Exercise: The answer must be the lines from the one containing "Burger Time Cross Stitch Pattern" through the last line of the data below, copied exactly, with nothing else.

|---|

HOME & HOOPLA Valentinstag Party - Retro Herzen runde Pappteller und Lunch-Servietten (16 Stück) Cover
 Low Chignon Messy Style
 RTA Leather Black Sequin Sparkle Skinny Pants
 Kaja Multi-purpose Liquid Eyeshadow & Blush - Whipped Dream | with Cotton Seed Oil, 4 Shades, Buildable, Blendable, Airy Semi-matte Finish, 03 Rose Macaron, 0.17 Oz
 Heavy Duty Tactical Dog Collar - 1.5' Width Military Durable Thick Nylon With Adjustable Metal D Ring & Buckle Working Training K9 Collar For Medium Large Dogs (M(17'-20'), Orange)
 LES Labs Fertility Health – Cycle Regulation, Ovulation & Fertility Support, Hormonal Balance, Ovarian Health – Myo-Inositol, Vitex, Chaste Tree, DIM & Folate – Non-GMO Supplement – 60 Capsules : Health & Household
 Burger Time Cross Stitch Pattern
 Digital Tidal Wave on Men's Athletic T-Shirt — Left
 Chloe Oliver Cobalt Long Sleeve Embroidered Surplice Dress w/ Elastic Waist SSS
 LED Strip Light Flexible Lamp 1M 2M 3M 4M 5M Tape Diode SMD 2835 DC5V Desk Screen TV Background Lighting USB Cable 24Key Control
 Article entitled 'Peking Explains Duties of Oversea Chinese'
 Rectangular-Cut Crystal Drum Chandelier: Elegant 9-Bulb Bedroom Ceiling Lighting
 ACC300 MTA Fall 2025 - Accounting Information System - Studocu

|---|

Result of this task:
 Burger Time Cross Stitch Pattern
 Digital Tidal Wave on Men's Athletic T-Shirt — Left
 Chloe Oliver Cobalt Long Sleeve Embroidered Surplice Dress w/ Elastic Waist SSS
 LED Strip Light Flexible Lamp 1M 2M 3M 4M 5M Tape Diode SMD 2835 DC5V Desk Screen TV Background Lighting USB Cable 24Key Control
 Article entitled 'Peking Explains Duties of Oversea Chinese'
 Rectangular-Cut Crystal Drum Chandelier: Elegant 9-Bulb Bedroom Ceiling Lighting
 ACC300 MTA Fall 2025 - Accounting Information System - Studocu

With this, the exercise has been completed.